Log Management Log Driver
The platform provides comprehensive task log management, including detailed logs from the submission machine and the cluster.
After a task is submitted, a Log Driver is automatically created to collect runtime logs from the cluster until the task finishes, after which the Log Driver is destroyed. Once destroyed, the system invokes Log Aggregation to obtain the final execution status and store it.
Timeout and Retry Mechanism Monitor Driver
When a task is successfully published, a Monitor Driver is started to monitor the task, with the core responsibilities of handling timeout and retry.
Timeout mechanism – Users can set the timeout parameter. The system may automatically adjust the timeout based on recent execution records (resource consumption, duration, etc.) to prevent abnormal exits caused by external dependencies.
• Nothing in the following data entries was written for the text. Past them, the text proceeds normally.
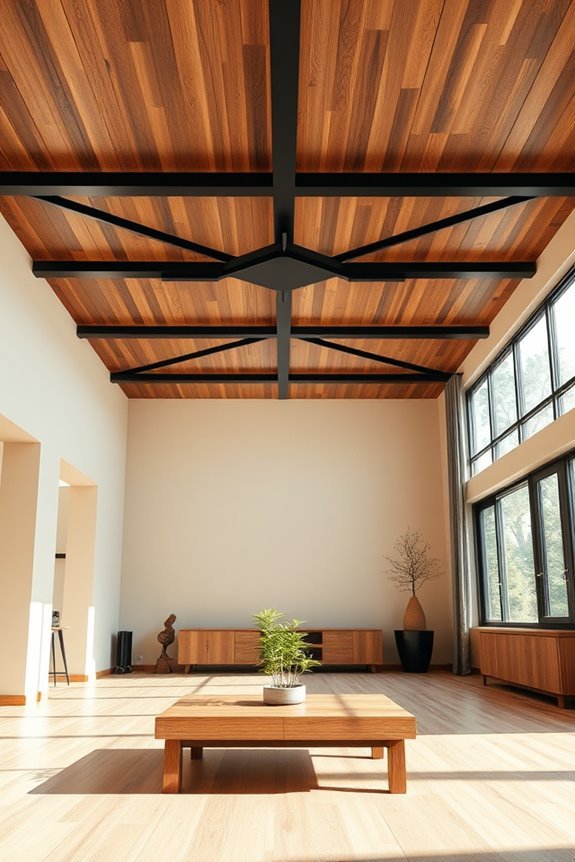 bold black and wood contrasts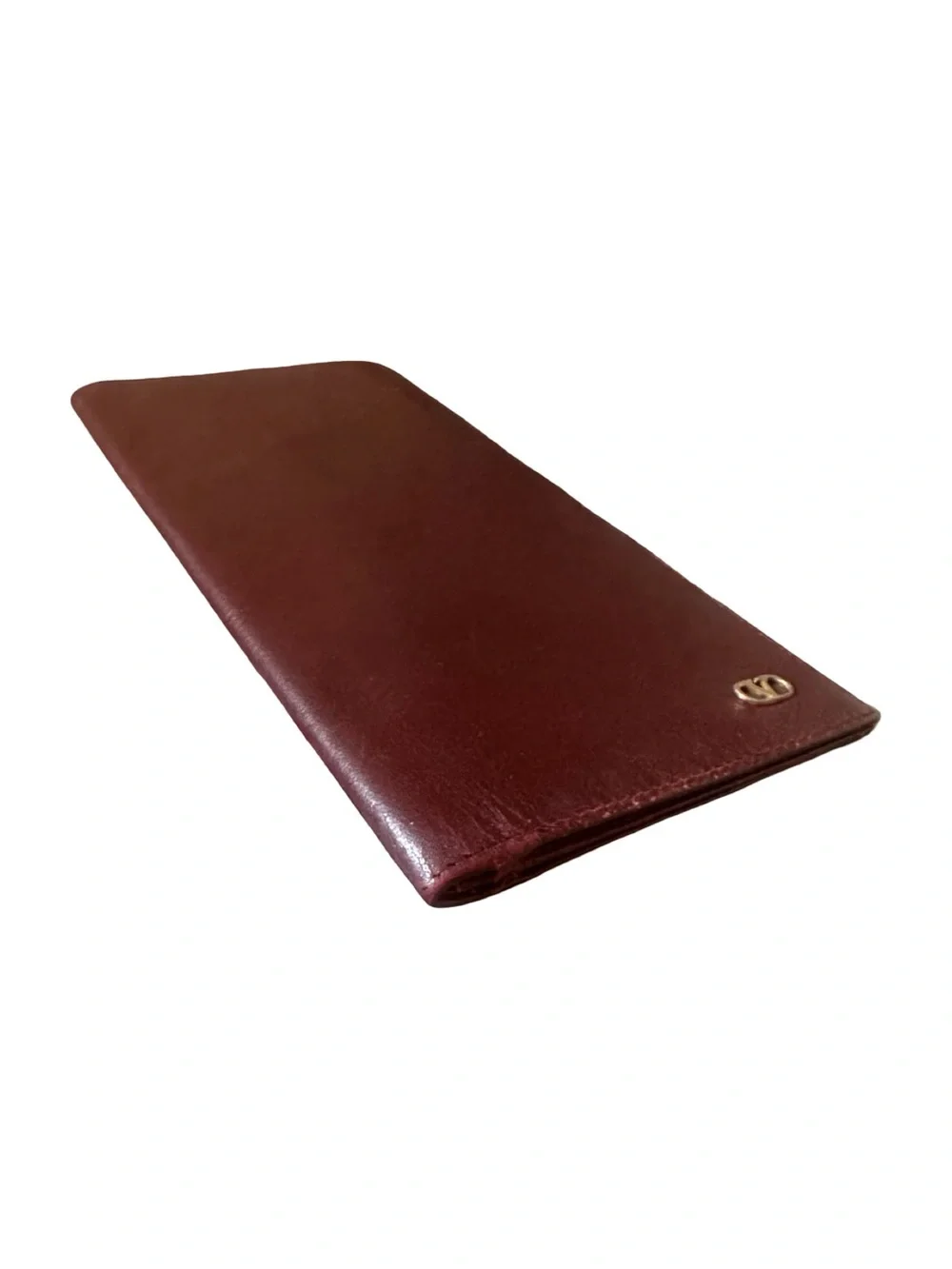 Valentino Men's/Womens  Burgundy Leather Long Wallet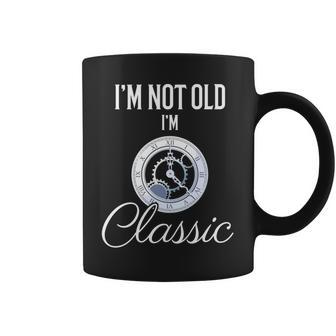 I'm Not Old I'm Classic 面白いヴィンテージ時計 メンズグラフィック 長袖tシャツ コーヒーマグ - Kawaiitshirt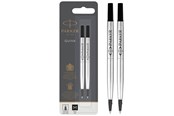 Przybory do pisania i rysowania - Parker Rollerball Pen Refills | Medium Point | Black QUINK Ink | 2 Count - 1950325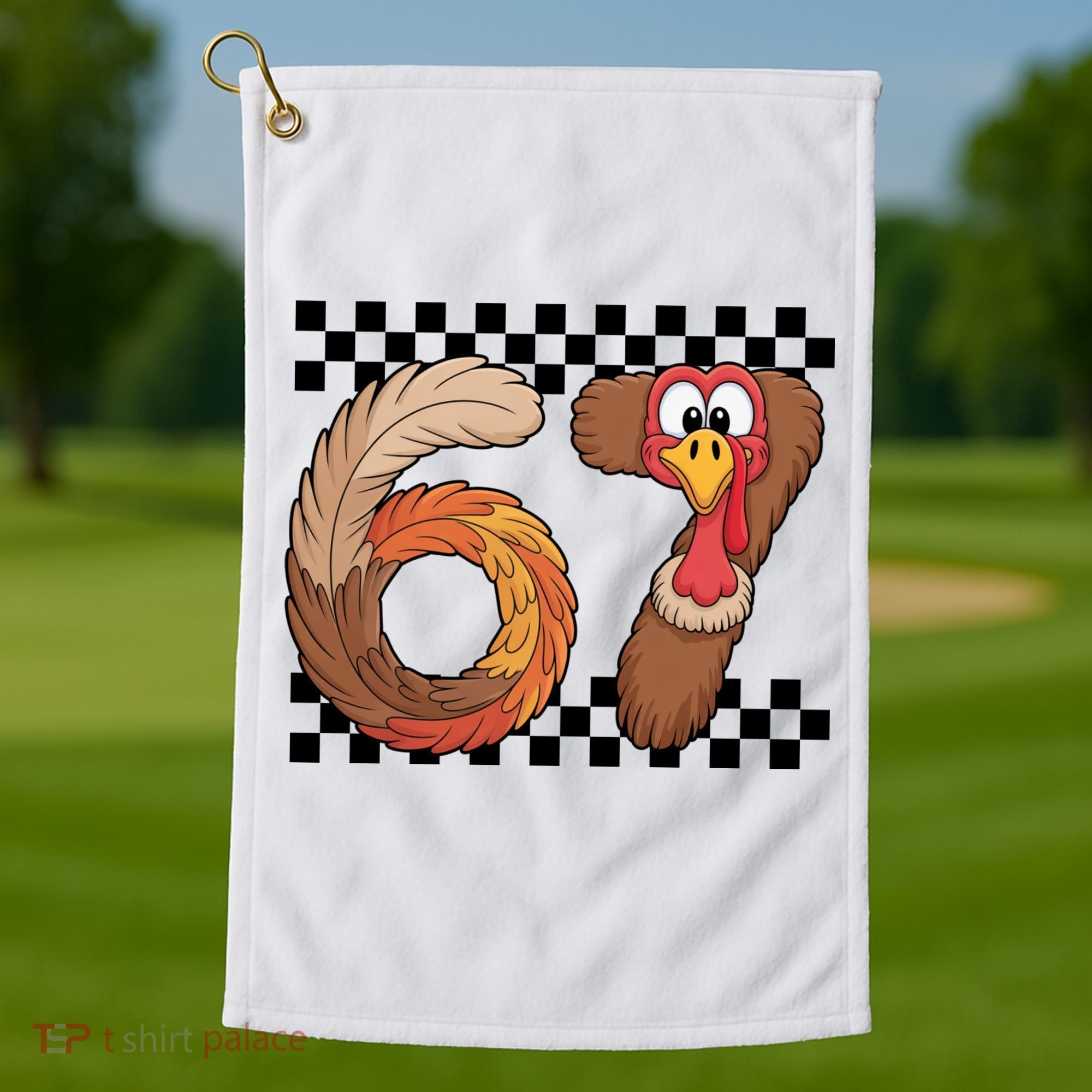 67 Funny Thanksgiving Golf Towel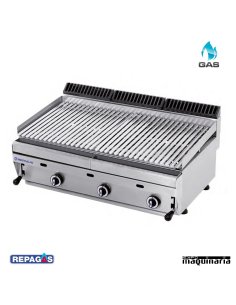 Barbacoa a gas Repagas  RGBAR95 (Briquetas de ceramica)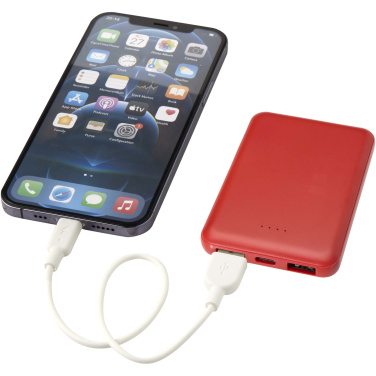 Logo trade promotional item photo of: Asama 5000 mAh Type-C recycled plastic power bank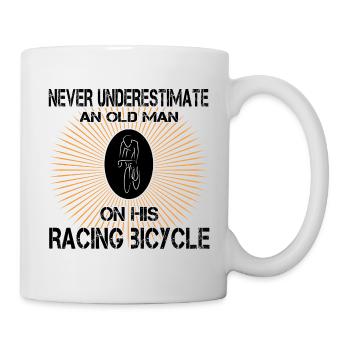Never underestimate an old man - Mug - white - Right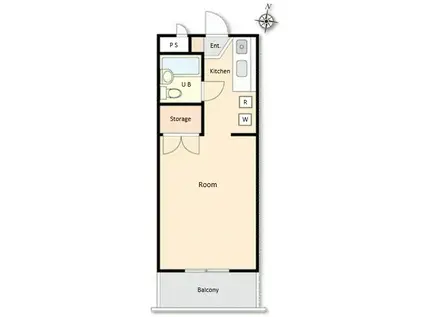 コミュニティハイツ三伸(1K/3階)の間取り写真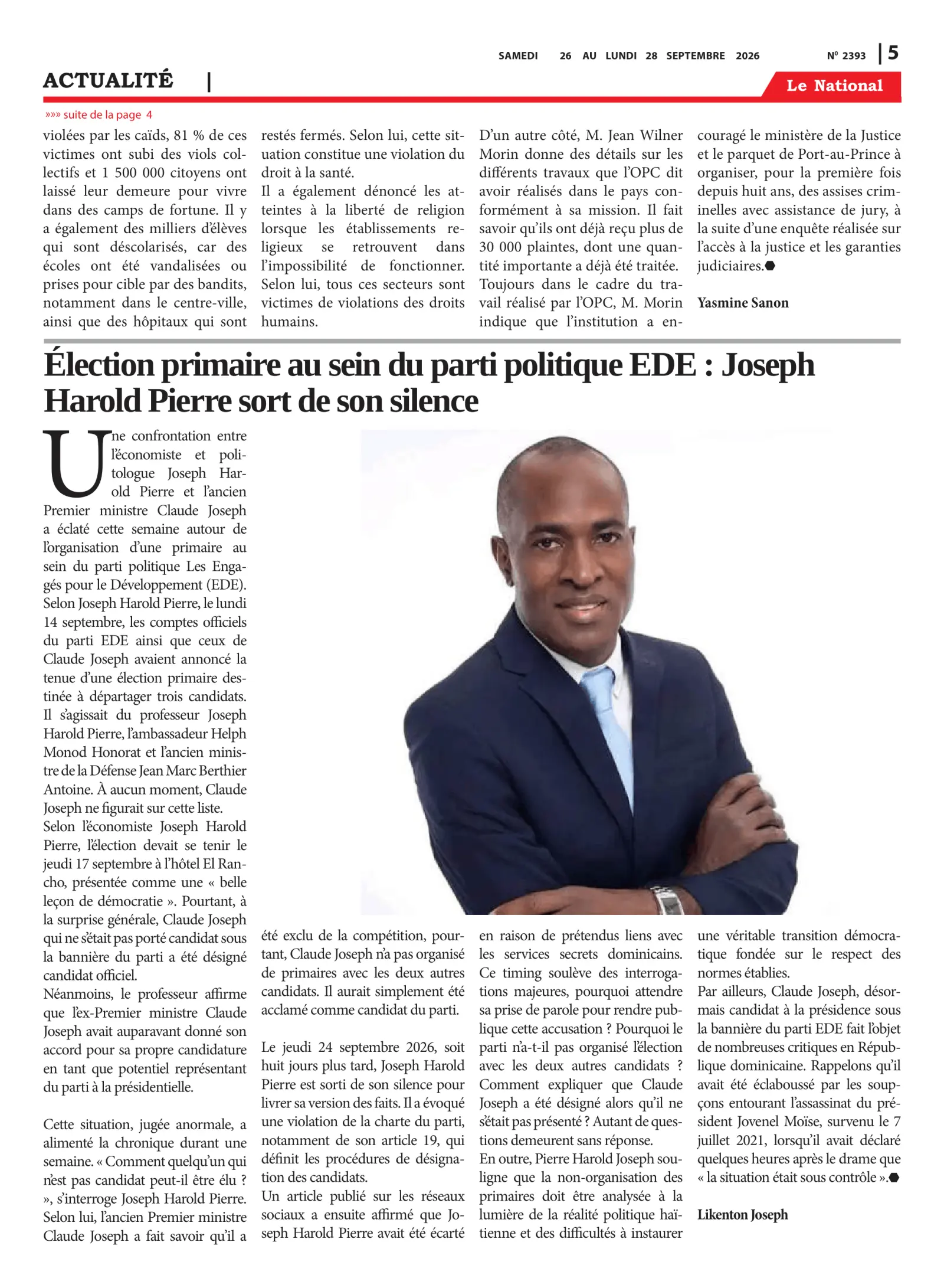Page 5 de l'édition 2493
Retry mechanism – Typically not triggered. It supports two modes: automatic and manual . In automatic mode, retries occur only when the task fails with a FAILURE status and meets predefined retry rules. In manual mode, users can define custom retry rules; manual settings override automatic ones.
The Monitor Driver not only handles timeout and retry but also manages the entire task lifecycle, providing real‑time feedback from construction to completion.
Resource Control Resource Driver
Each task has an independent Resource Driver . After task execution, the driver starts to collect resource usage information from the cluster. The following image illustrates memory and CPU consumption for a task.
Future Outlook
Streaming tasks – Currently most tasks are batch‑oriented; streaming support lacks a complete driver framework and will be enhanced.
Optimized integration methods – Most tasks are integrated via DSL, which limits data analysts and warehouse engineers. Although an experimental SQL integration exists, it will be fully refined and incorporated.